Pero Azazael no se movió. Solo extendió una mano y lo atrapó de la cabeza en pleno salto, cerrando su garra como una prensa. Con un solo brazo lo alzó del suelo, sosteniéndolo como si no pesara nada.
Los pies de Fénix pataleaban en el aire, y sus manos intentaban abrir la férrea presa, pero era inútil. El aire se le escapaba, y lo único que le quedaba era la impotencia.

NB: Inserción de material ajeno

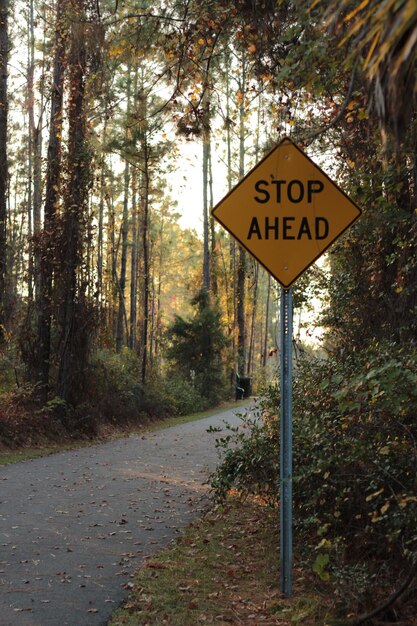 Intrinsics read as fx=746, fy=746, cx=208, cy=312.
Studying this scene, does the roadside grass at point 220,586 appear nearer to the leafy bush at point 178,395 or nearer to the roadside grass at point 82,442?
the roadside grass at point 82,442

Azazael lo miró fijamente a los ojos, la sombra de su rostro cubriendo al muchacho. Y entonces, comenzó su monólogo, con esa voz profunda que perforaba hasta el alma:
—Mírate, Fénix... crees que tu rabia te hace fuerte, pero no es más que la cadena que yo mismo te puse desde el día en que naciste. Eres fuego sin control, carne que se resiste a su propia sangre. Tú eres mi hijo... y aunque lo niegues, cada célula en tu cuerpo lo grita.
Lo levantó aún más alto, como si lo ofreciera a un destino inevitable.
—No te he buscado para jugar a la familia, ni para mendigar tu afecto. Te he buscado porque eres la prueba viviente de lo que soy capaz de crear. Eres mi obra, mi legado... y algún día, quieras o no, te arrodillarás ante lo que represento.
El vidrio detrás seguía crujiendo bajo la presión de la escena, como si todo el salón estuviera a punto de reventar.